Provided records.
== == ==
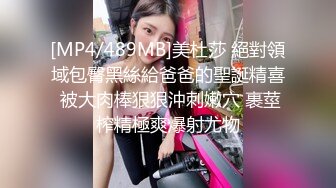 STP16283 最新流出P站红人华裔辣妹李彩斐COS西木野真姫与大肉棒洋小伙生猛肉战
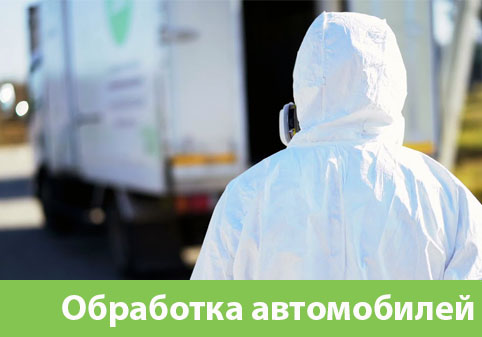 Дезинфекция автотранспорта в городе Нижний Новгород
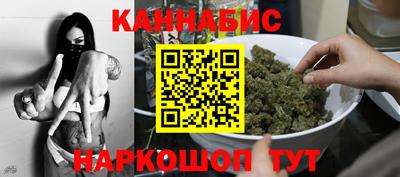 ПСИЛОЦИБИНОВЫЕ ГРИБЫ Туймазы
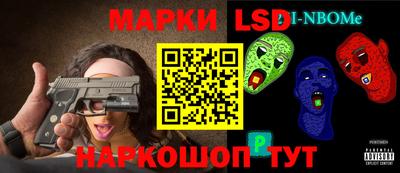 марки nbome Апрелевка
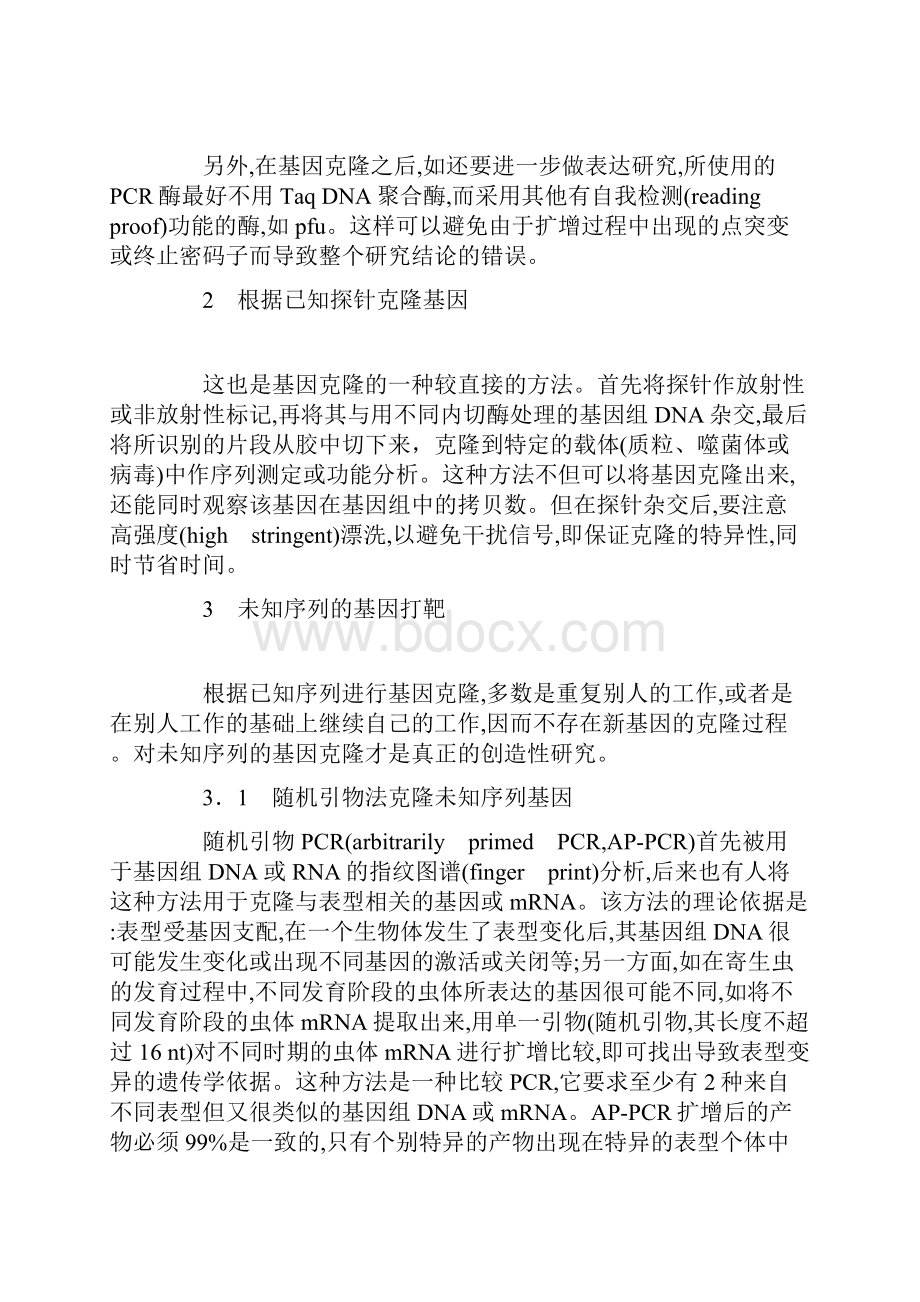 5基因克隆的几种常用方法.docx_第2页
== == ==
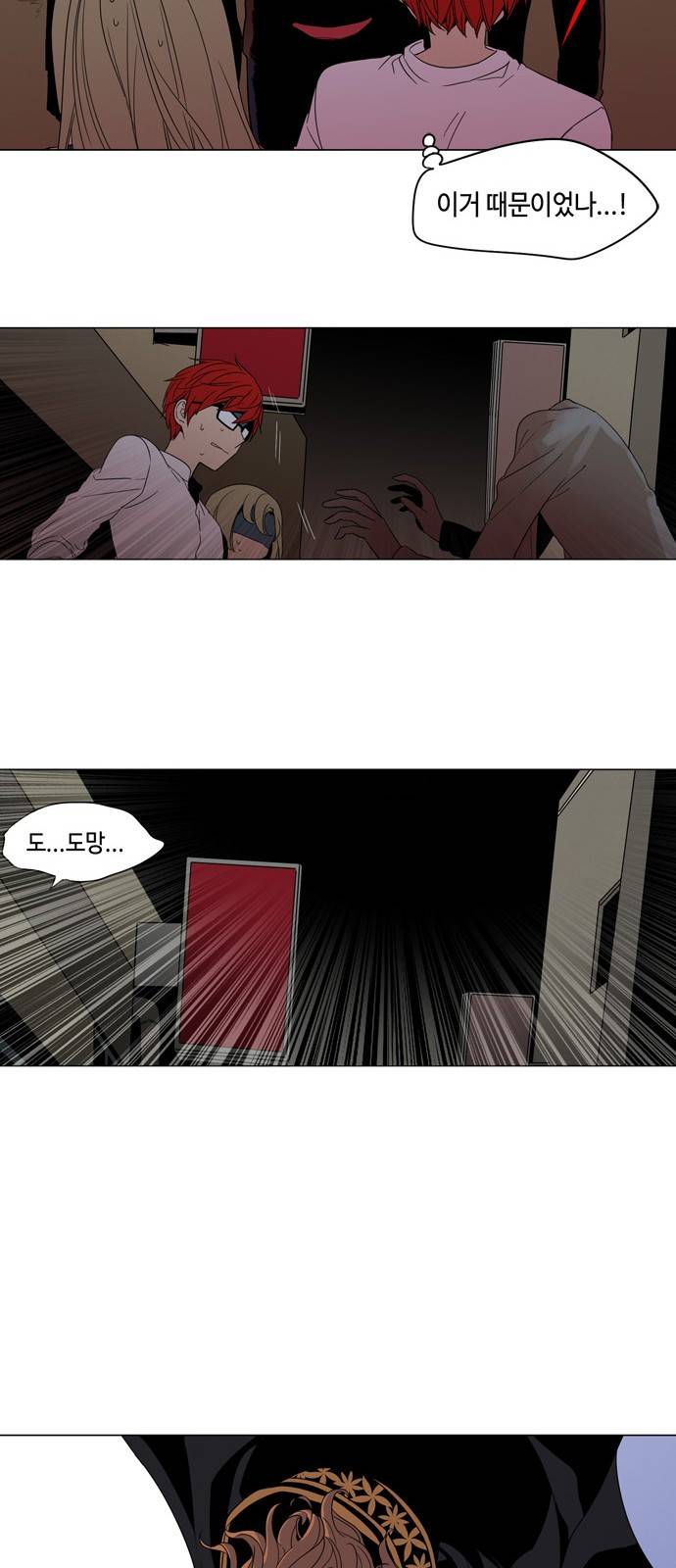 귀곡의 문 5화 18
== == ==
Problem statement. Using the records above, print exactly the run of lines that starts with the line with "ПСИЛОЦИБИНОВЫЕ ГРИБЫ Туймазы" and goes on through the line with "5基因克隆的几种常用方法.docx_第2页", pictures excluded.

Response to this exercise.
 ПСИЛОЦИБИНОВЫЕ ГРИБЫ Туймазы
 марки nbome Апрелевка
 5基因克隆的几种常用方法.docx_第2页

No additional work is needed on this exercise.